Colt 45 and Two ZigZags, Baby
Steve King, CISM, CISSP
Cybersecurity Marketing and Education Leader | CISM, Direct-to-Human Marketing, CyberTheory
OK. This whole world of Cybersecurity can now be declared officially insane.
Sonatype research claims that 57% of the Global Fortune 100 has yet to address the flaw in Apache Struts that led to the most expensive and damaging breach in history. The list included seven technology companies, eight auto manufacturers and fifteen financial services and insurance companies.
That would be 30% of the Fortune 100 just in those three sectors. And seven technology companies? Come’on man.

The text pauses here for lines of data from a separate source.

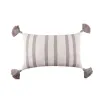 Pillows-Kirkland's Home Woven Tasseled Lumbar Pillow Gray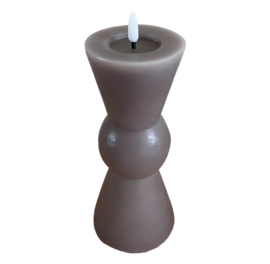 Zandloper ledkaars | Taupe | M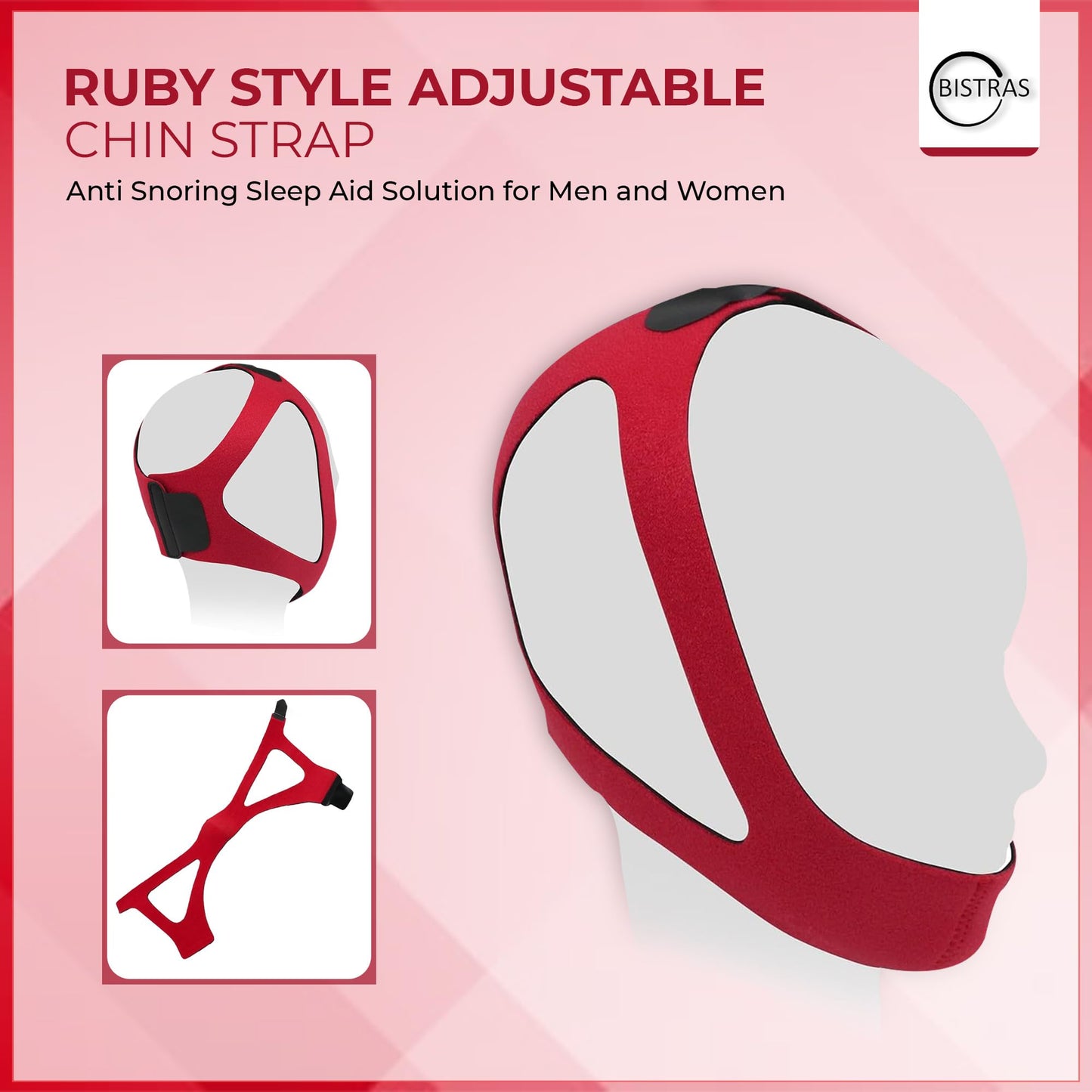Bistras Ruby Style Adjustable Chin Strap for Cpap Users Anti Snoring Chin Strap Effective Sleep Aid Device Great Sleeping Solution for Men and Women Keeps Mouth Closed While Sleeping (Large/ex-Large)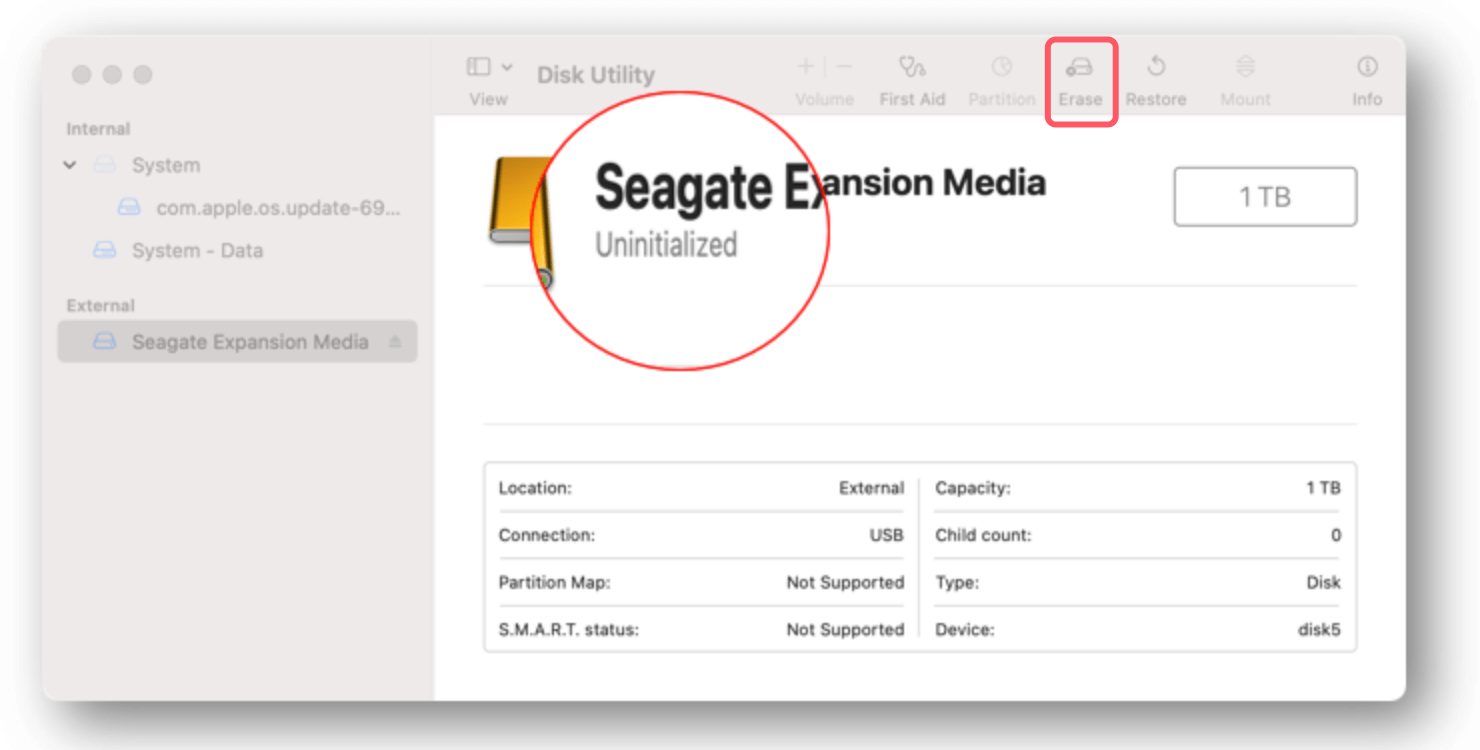 Select and Erase the Drive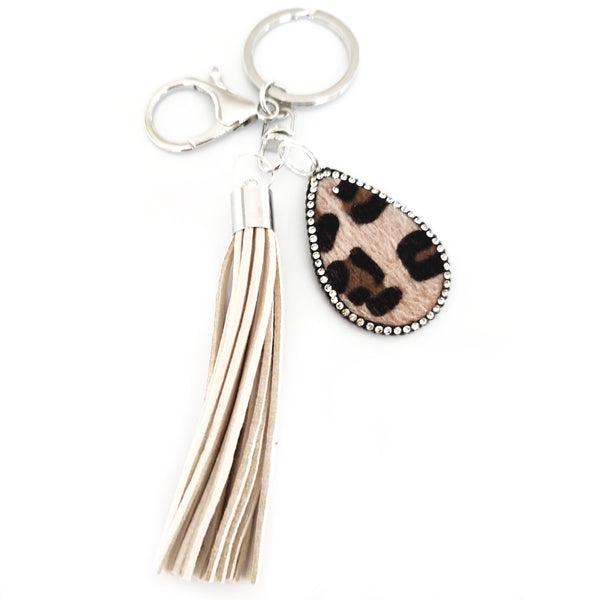 Animal Print and Tassel Keyring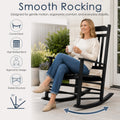 kozyard ergonomic outdoor rocker, comfortable patio rocking chair featuring 20 to 50 degree smooth gentle swaying motion, contoured curved seat, tall slatted backrest, stable structure design. Perfect for everyday relaxation, made of heavy-duty weather-resistant waterproof all-weather HDPE poly lumber material.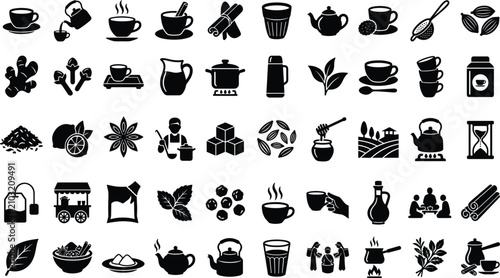 Masala Chai Tea Silhouette Icon Set with Solid Black Symbols for Traditional Indian Cafe Menus, Herbal Spices, Brewing Utensils, and Hot Beverage Designs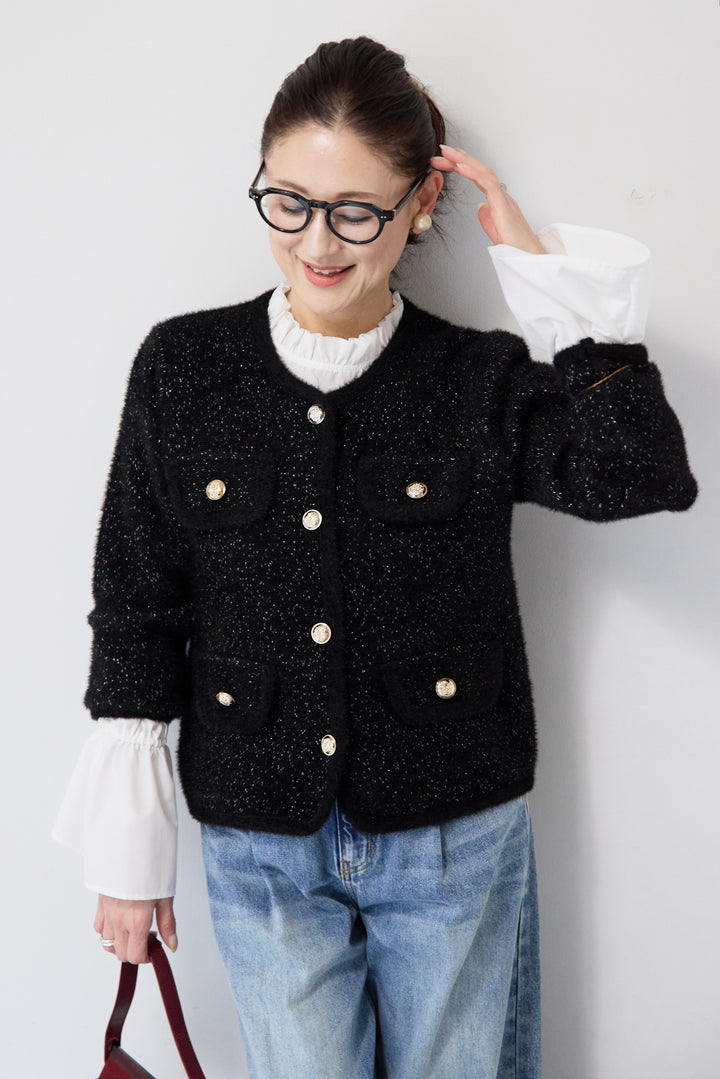 金ボタンニットジャケット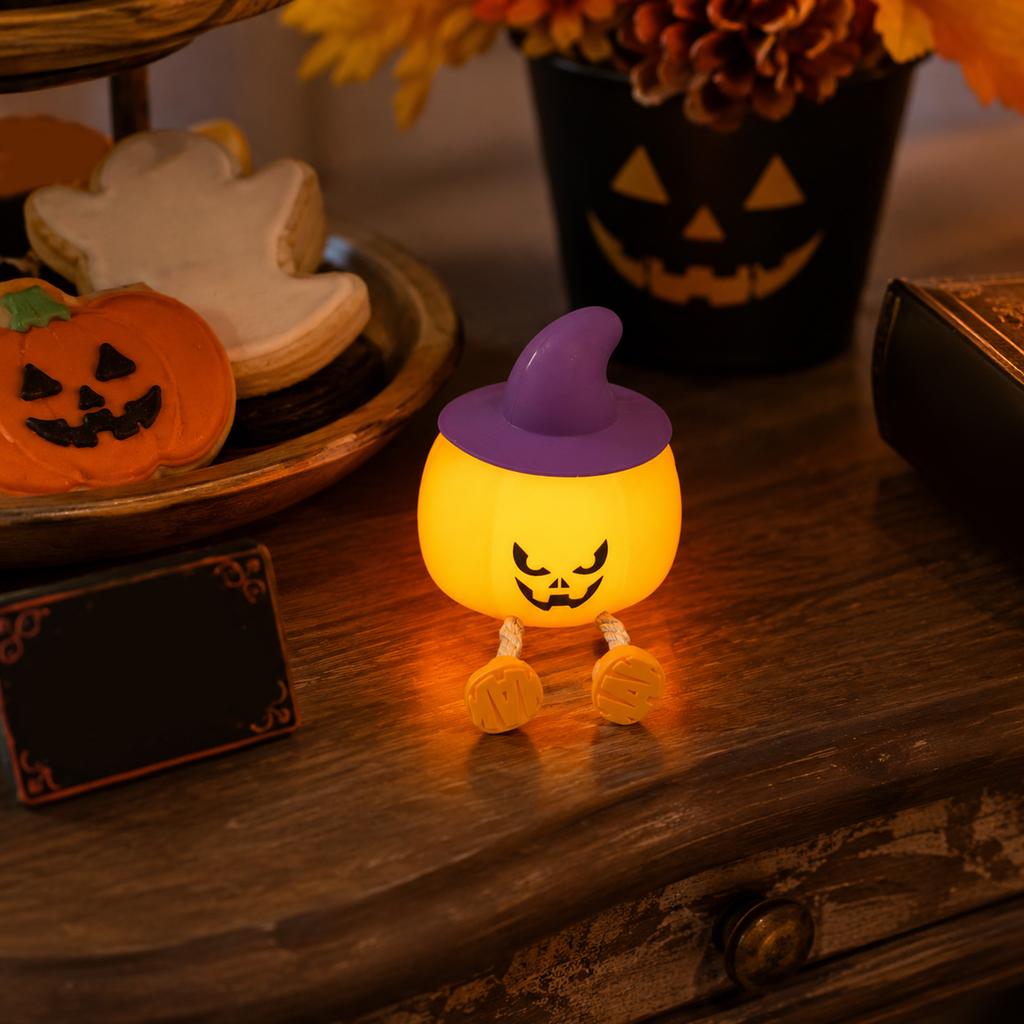 Pumpkin Witch Night Light with Cute Halloween Design for Bedroom, Party Decor - Soft Ambient Lamp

Equifax not only failed to fix the vulnerability once but did so again later, earning it the Stooge of the Year award (up until now). As a reminder, these were the folks who brought us 148 million compromised PII records and a quarter of a Billion dollars in expense to date (tally still going). This of course, prompted the FBI to issue a flash “alert” warning to everyone paying attention that we need to patch the software.
Apparently only half of the Fortune 100 was paying attention. Because an astounding 8,780 Apache Struts downloads have occurred in the wake of the Equifax breach, and yes, everyone of them is vulnerable to the same attack.
Why we haven’t applied the patches and why we keep downloading older vulnerable versions is a mystery to many. Last year, known vulnerabilities remained the leading cause of data breaches accounting for almost 50% of all incidents. We have been harping here for what seems like forever about the need to apply critical security patches immediately upon notification. Instead, it appears that most businesses (judging by the statistics) would rather keep changing their door locks to the coolest ones they can find at RSA each year, while insisting on leaving all of their windows open.
This is a clear indication that business would rather intentionally favor continuity of application and network connectivity and availability over security. I guess that’s a choice one could make, but so is unemployment.
How about instead, if one is so determined to continue introducing known vulnerabilities, we at least couple those acts with proactive security best practices so that access can be managed and minimized and even eliminated where it is unnecessary.
I can’t believe I just wrote that.
It’s like saying to a Fentanyl addict, let’s go ahead with those daily injections, but at least let me clean the syringe in between pops.